《分割版#1》ニンジャラクシー・ウォーズ【ファースト・エピソード前編:ダーク・カンオケ・バトルシップ】
1 ジ・エンパイア・ストライクス・バック
宇宙が天井で覆われたかの如き光景だった。
ゴウンゴウンゴウン……漆黒のメガストラクチャーがエテルを掻き分けながら突き進む。無限の大空間の深奥へ流れ去るは、宇宙コンビナートあるいは乱開発都市めいた表面構造物。あまりの複雑さにスケール感が狂い、プラスチック・モデル・キットの部品を敷き詰めたようにも見える。

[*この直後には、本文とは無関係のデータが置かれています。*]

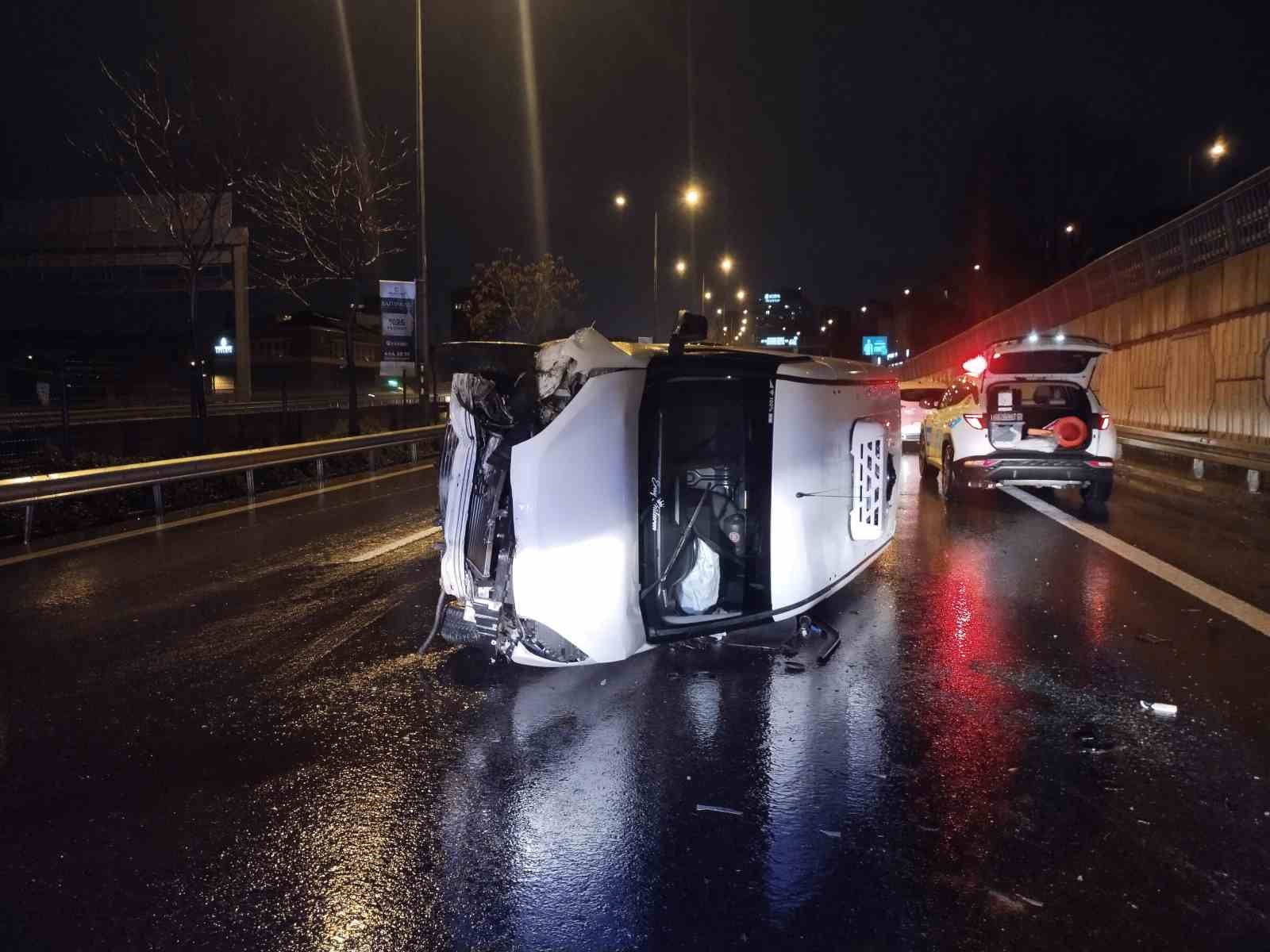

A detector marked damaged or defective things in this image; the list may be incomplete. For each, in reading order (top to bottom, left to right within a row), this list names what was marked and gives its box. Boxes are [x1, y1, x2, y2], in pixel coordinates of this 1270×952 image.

overturned white van [432, 324, 899, 665]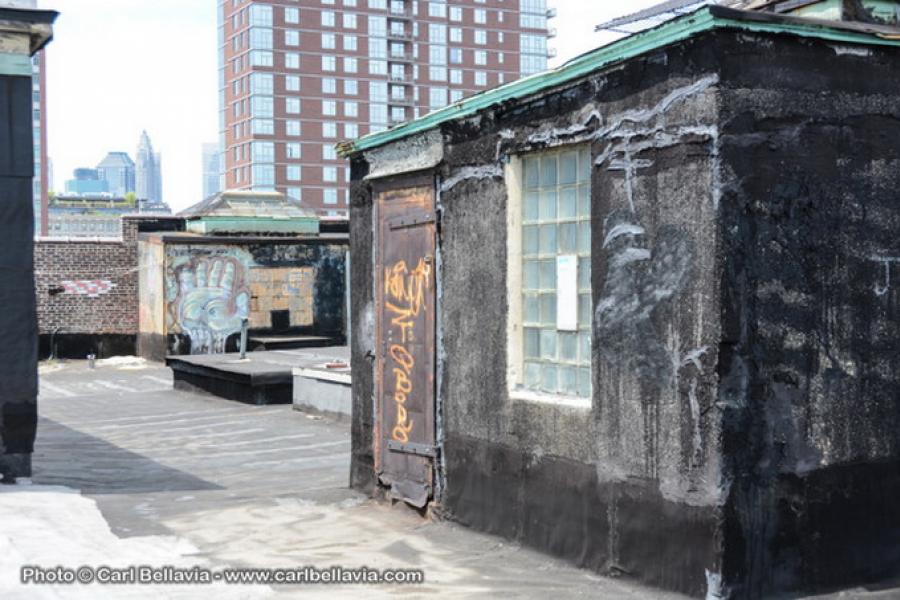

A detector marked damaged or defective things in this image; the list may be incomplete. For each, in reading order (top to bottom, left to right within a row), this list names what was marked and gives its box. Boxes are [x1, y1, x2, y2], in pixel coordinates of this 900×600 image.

rusty metal door [374, 183, 438, 506]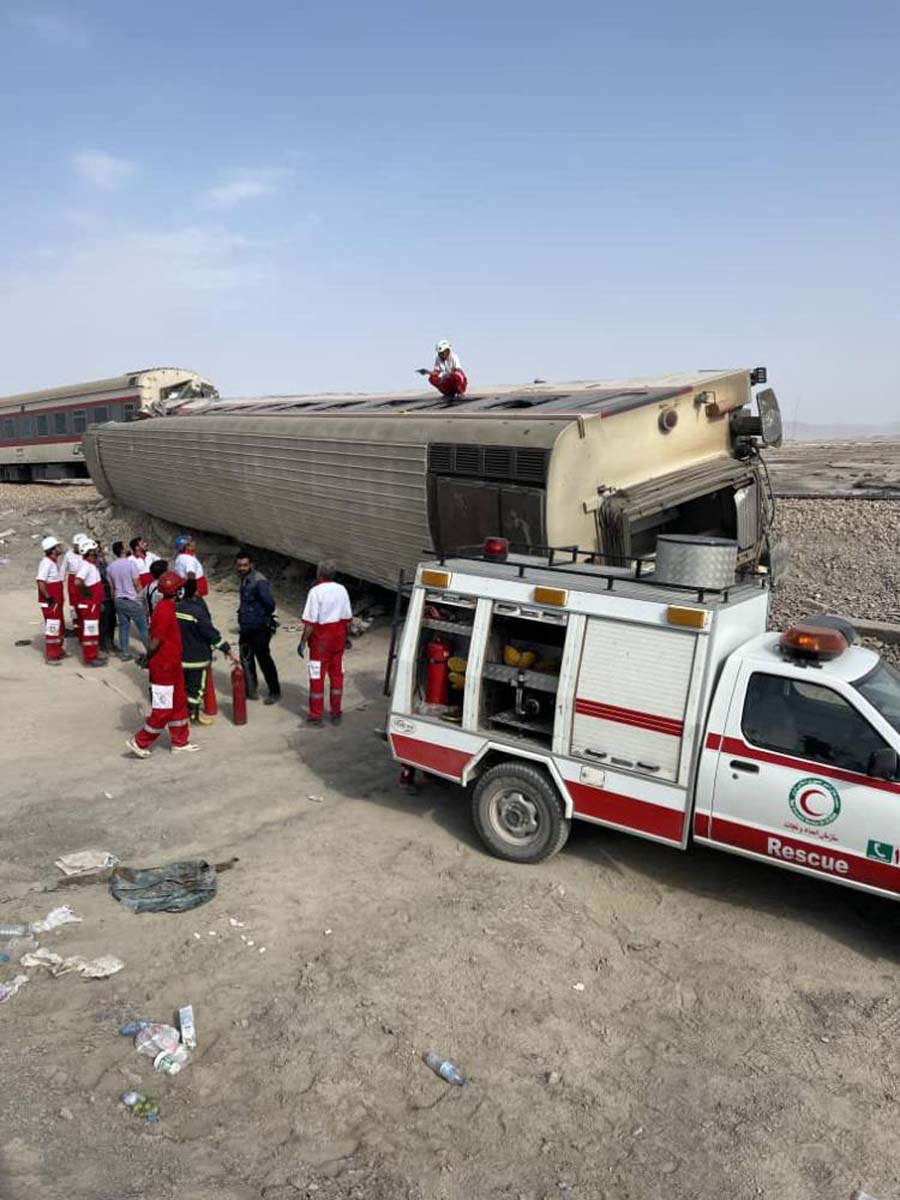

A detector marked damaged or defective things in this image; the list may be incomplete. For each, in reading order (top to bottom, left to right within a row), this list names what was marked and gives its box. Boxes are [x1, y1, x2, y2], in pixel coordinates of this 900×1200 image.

damaged train coach [81, 364, 782, 590]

地球連盟第15太陽系の主星・グローラーの光に照らされ、“それ”は宇宙戦艦としての全貌を浮かび上がらせた。イオン・エンジン群の凶暴な推力が、カンオケめいた双胴の艦体をむりやりに前進させる。進路上に輝く緑の光は、星系の中心地、第2惑星アナリス。
『ザリザリ……こちらはアナリス駐留宇宙艦隊である。ただちに停止し、貴艦の艦籍を明らかにせよ』
地球連盟の守護神・テラグローリー級宇宙戦艦が、亜光速通信で警告を発した。3隻でヤジリめいた陣形を組み、巨艦の行く手を阻むように接近する。しかしそのサイズ差は歴然。赤子が宇宙スモトリに挑むが如し。

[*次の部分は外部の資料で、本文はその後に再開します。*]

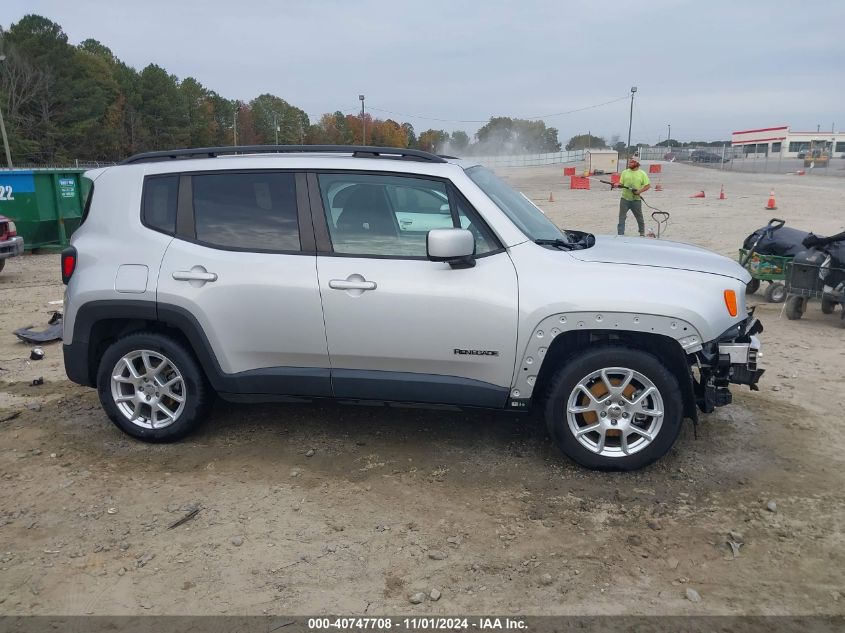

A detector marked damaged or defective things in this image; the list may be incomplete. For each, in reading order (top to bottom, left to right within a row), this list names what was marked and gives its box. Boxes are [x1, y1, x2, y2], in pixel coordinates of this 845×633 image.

damaged front bumper [692, 312, 764, 414]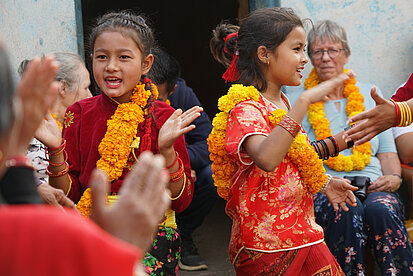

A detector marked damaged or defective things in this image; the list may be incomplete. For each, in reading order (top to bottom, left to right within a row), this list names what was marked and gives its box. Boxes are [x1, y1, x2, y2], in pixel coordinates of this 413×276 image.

peeling paint on wall [284, 0, 410, 98]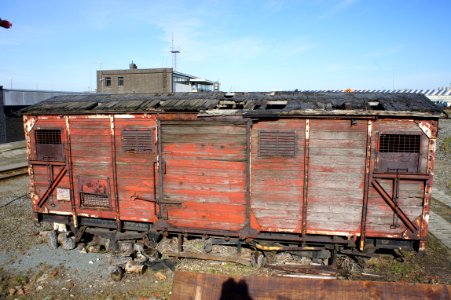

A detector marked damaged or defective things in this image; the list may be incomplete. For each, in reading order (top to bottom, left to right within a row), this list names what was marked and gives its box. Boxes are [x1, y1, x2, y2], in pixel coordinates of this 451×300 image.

rusted metal bracket [36, 165, 66, 207]
rusted metal bracket [372, 179, 418, 233]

応答はなかった。ZOOOM……! ZOOOM……! 巨艦両舷のカンオケめいたカタパルトから、艦載機が次々と飛び出した。6本のビーム機銃ステーを放射状に広げ、戦闘態勢を取る。
『繰り返す! ただちに停止し、貴艦の艦籍を……』
BEEEAM! BEEEEAM! 邪悪にうねる破壊ビームが、テラグローリーの艦体に小爆発を起こした。KABOOOM! 偏向シールドが赤熱し、眩い閃光を放つ。『グワーッ!』
『交戦の意思ありとみなす! 攻撃開始!』
ZAPZAPZAP! テラグローリーの対空砲台が起動し、パルスレーザーの光弾を撒き散らした。宇宙スパイダーめいた艦載機は素早く散開、攻撃を継続する! BEEEAM! BEEEEAM!
「AAAAAARGH!」「グワーッ!」
野蛮な咆哮とともに殴り飛ばされた青年は、身体をくの字に折り曲げ、宇宙貨物船の客席に激突した。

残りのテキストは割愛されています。